OXFORD, ENGLAND - In a wooded suburb of this fabled university city, a battered typewriter sits on a desk beside a bay window that overlooks a tangled landscape of oaks and beeches. Nearby, ancient bookshelves guard a leather armchair surrounded by wall maps and pictures depicting a fantasy world.

When Clive Staples Lewis bought The Kilns, a former brick factory, in 1930, he used its remote calm to produce a stream of Christian stories, the best known of which, The Chronicles of Narnia, has since sold 100 million copies in more than 45 languages.

But Lewis also gained renown for his Christian apologetics. His Mere Christianity, published in 1952, was rated “best religious book of the 20th century” by the U.S. magazine Christianity Today.

Until now, Lewis has been largely ignored at Oxford University, where he taught for three decades, until his death in 1963. He has gained greater recognition in the United States, where the Episcopal Church celebrates a “Holy C.S. Lewis Day” each November.

With interest growing, however, and three books of the Narnia series now blockbuster films, things are changing.

“Lewis wasn’t a professional theologian, but his sense of the world Christianity portrays was just as profound as the best modern theologians’,” said Judith Wolfe, an expert on the author and a theology faculty member of Oxford’s St. John’s College.

“He realized Christian literature wasn’t presenting good characters who were also interesting; the evil characters were always more compelling. By portraying Christ as the lion Aslan in the Narnia stories, he hoped to reveal the real-life attractiveness of the holy.”

A native of what is now Northern Ireland, Lewis won an Oxford scholarship in 1916, graduating after fighting in the First World War. He became a fellow of Oxford’s Magdalen College in 1925. The city is full of landmarks connected to Lewis. There’s the Eagle and Child pub where his literary group, The Inklings, met; the walkways where he nurtured his fascination for Nordic, Celtic and Greek legends; and the Anglican Holy Trinity Church where he lies buried.

As a new generation is introduced to the world of Narnia, Anglican Father Michael Ward, a university chaplain, thinks Lewis’ Christian vision is gaining a new relevance. Lewis’ work has appeared on reading lists in both English literature and systematic theology at Oxford. The C.S. Lewis Society hosts weekly seminars at the university’s Pusey House.

“Like his close friend, J.R.R. Tolkien, Lewis expressed his Christian faith through narrative and imagination which seems to be chiming in with contemporary needs,” explained Ward, co-editor of The Cambridge Companion to C.S. Lewis.

“People are picking up intuitively again on the timeless religious element in his books, even if they’re not directly aware of their fundamentally Christian message.”
Lewis was raised in the Anglican Church of Ireland, but abandoned his faith in school, recalling in Surprised by Joy: The Shape of my Early Life how he had received Communion “in total disbelief, acting a part, eating and drinking my own condemnation.”

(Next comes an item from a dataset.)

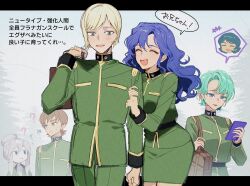 2boys 3girls ? bag blonde_hair blue_eyes blush brown_hair closed_eyes deux_murasame four_murasame gates_capa green_eyes green_hair gundam gundam_gquuuuuux hair_bun highres holding holding_bag holding_phone in-franchise_crossover jacket kamille_bidan kawachi_rin long_hair multiple_boys multiple_girls phone purple_hair rosamia_badam school_bag school_uniform short_hair skirt smile speech_bubble sweatdrop updo wavy_hair white_hair xavier_olivette zeta_gundam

When Lewis returned to the Anglican faith at Oxford in 1931 — thanks to the devoutly Catholic Tolkien, author of The Lord of the Rings trilogy — he described himself as “the most dejected and reluctant convert in all England.”

Although Lewis disappointed Tolkien by declining to become a Catholic, he was sympathetic to the Catholic doctrines of confession and prayers to the saints. His return to faith released new powers of imagination and launched him on a fresh career as an interpreter who popularized Christianity. Mere Christianity, based on wartime broadcasts for the BBC, tackled popular objections to Christianity, stripping it to its essentials with simple arguments and observations.

Diarmaid MacCulloch, professor of church history at Oxford, said Lewis’ nondenominational approach to Christianity explains his popularity in the United States and is giving him renewed appeal today.

“Lewis has become a standard-bearer for conservative Christians when religion seems to be undergoing a great realignment between the forces of tradition and change,” MacCulloch told Catholic News Service. “This tension runs across the theological categories and can now unite a conservative Catholic with a conservative Protestant, something which wouldn’t have happened half a century ago.”

Other experts concur that Lewis succeeded in capturing the Christian imagination where the theological abstractions of churches often seemed too high brow.

Walter Hooper, an American Catholic who was living with Lewis at the time of his death, remembers the author as affable and hard-drinking, but also as a man who sincerely attempted, against difficult odds, to live a Christian life. He agreed that interest in Lewis also is growing among Catholics.

During a 1988 Cambridge University lecture, then-Cardinal Joseph Ratzinger praised Lewis’ rejection of “destructive relativism.”

Hooper recalled how Blessed John Paul II also revealed a knowledge of Lewis’ works when the two met during a 1988 general audience in Rome and the late pope lauded his 1960 work, The Four Loves, as well as Lewis’ devotion to a practical apostolate.

“Lewis owed it to his fans to avoid complexities and set Christianity’s core beliefs in place,” said Hooper.

“But he was adamant those core beliefs, the deposit of faith, must always remain, no matter how things change. If you get rid of Christianity’s sense and meaning, you’ll have nothing to come back to.”